Centre for Biological Diversity, University of St Andrews, Fife, UK.
Mol Ecol Resour. 2022 Aug;22(6):2183-2195. doi: 10.1111/1755-0998.13606. Epub 2022 Mar 24.
The measurement of biodiversity at all levels of organization is an essential first step to understand the ecological and evolutionary processes that drive spatial patterns of biodiversity. Ecologists have explored the use of a large range of different summary statistics and have come to the view that information-based summary statistics, and in particular so-called Hill numbers, are a useful tool to measure biodiversity. Population geneticists, on the other hand, have focused largely on summary statistics based on heterozygosity and measures of allelic richness. However, recent studies proposed the adoption of information-based summary statistics in population genetics studies. Here, we performed a comprehensive assessment of the power of this family of summary statistics to inform regarding spatial patterns of genetic diversity and we compared it with that of traditional population genetics approaches, namely measures based on allelic richness and heterozygosity. To give an unbiased evaluation, we used three machine learning methods to test the performance of different sets of summary statistics to discriminate between spatial scenarios. We defined three distinct sets, (i) one based on allelic richness measures which included the Jaccard index, (ii) a set based on heterozygosity that included F and (iii) a set based on Hill numbers derived from Shannon entropy, which included the recently proposed Shannon differentiation, ΔD. The results showed that the last of these performed as well or, under some specific spatial scenarios, even better than the traditional population genetics measures. Interestingly, we found that a rarely or never used genetic differentiation measure based on allelic richness, Jaccard dissimilarity (J), showed the highest discriminatory power to discriminate among spatial scenarios, followed by Shannon differentiation ΔD. We concluded, therefore, that information-based measures as well as Jaccard dissimilarity represent excellent additions to the population genetics toolkit.

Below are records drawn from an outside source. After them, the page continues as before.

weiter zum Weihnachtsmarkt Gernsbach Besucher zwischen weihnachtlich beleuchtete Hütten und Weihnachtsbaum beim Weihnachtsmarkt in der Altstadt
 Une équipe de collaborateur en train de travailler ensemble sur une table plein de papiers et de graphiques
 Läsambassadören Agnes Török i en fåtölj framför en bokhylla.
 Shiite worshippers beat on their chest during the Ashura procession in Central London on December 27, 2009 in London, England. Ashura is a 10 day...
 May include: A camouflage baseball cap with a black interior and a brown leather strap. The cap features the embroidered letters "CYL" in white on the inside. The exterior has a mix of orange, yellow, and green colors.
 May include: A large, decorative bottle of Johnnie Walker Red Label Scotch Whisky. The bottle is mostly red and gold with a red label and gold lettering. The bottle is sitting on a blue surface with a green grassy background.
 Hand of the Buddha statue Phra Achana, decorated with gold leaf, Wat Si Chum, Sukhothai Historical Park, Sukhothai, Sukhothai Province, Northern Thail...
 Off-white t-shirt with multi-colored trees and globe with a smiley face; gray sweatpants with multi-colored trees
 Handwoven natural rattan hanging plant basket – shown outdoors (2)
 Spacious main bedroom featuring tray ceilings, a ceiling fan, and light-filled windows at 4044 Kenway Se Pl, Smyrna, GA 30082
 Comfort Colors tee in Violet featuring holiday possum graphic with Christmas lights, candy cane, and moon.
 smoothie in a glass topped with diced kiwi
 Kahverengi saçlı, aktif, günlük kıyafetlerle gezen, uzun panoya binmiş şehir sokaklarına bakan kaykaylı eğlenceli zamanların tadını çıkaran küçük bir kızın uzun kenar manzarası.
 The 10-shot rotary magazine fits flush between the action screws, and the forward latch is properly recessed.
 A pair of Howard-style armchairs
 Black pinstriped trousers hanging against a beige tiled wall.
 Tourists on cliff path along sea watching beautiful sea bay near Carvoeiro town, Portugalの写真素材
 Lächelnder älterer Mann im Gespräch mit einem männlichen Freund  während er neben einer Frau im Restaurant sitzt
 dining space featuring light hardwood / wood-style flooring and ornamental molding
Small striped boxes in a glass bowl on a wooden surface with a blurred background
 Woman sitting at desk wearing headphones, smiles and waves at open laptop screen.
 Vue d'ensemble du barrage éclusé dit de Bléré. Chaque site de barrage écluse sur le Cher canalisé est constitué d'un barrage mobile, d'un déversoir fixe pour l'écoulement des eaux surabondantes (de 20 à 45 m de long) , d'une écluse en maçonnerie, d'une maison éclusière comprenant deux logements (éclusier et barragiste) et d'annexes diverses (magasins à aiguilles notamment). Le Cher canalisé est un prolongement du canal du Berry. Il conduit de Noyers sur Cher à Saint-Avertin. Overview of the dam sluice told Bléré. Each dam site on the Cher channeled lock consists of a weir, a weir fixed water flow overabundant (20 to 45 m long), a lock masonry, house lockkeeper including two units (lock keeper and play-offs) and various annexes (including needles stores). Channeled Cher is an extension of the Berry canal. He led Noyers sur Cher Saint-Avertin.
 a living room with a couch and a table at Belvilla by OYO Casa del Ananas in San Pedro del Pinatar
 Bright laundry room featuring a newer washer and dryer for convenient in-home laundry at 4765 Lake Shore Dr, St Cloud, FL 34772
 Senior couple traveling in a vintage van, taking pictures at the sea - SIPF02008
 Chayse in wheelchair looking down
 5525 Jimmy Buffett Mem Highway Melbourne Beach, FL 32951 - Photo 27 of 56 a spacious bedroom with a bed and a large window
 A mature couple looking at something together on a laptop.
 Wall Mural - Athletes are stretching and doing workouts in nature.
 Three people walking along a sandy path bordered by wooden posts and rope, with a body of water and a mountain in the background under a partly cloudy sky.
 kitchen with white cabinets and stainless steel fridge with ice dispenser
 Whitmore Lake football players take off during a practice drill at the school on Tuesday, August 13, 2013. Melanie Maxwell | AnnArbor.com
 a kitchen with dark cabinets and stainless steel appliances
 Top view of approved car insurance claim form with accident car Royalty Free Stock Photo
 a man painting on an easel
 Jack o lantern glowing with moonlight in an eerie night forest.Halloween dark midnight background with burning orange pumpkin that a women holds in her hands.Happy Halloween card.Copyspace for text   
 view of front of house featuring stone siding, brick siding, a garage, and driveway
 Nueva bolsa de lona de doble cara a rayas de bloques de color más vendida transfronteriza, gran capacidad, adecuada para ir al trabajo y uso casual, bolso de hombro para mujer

测量各级组织的生物多样性是理解驱动生物多样性空间格局的生态和进化过程的必要的第一步。生态学家探索了使用大量不同的综合统计数据,并得出结论,基于信息的综合统计数据,特别是所谓的 Hill 数,是衡量生物多样性的有用工具。另一方面,群体遗传学家主要关注基于杂合性和等位基因丰富度的综合统计数据。然而,最近的研究提出在群体遗传学研究中采用基于信息的综合统计数据。在这里,我们全面评估了这组综合统计数据在提供遗传多样性空间格局信息方面的能力,并将其与传统的群体遗传学方法(即基于等位基因丰富度和杂合性的度量)进行了比较。为了进行无偏评估,我们使用了三种机器学习方法来测试不同综合统计数据集区分空间场景的性能。我们定义了三个不同的集合,(i)一个基于等位基因丰富度的集合,包括 Jaccard 指数,(ii)一个基于杂合性的集合,包括 F,(iii)一个基于 Shannon 熵衍生的 Hill 数的集合,包括最近提出的 Shannon 分化,ΔD。结果表明,最后一组的表现与传统的群体遗传学方法一样好,或者在某些特定的空间场景下甚至更好。有趣的是,我们发现一个很少或从未使用过的基于等位基因丰富度的遗传分化度量,Jaccard 不相似性(J),在区分空间场景方面具有最高的辨别力,其次是 Shannon 分化 ΔD。因此,我们得出结论,基于信息的度量以及 Jaccard 不相似性代表了群体遗传学工具包的极好补充。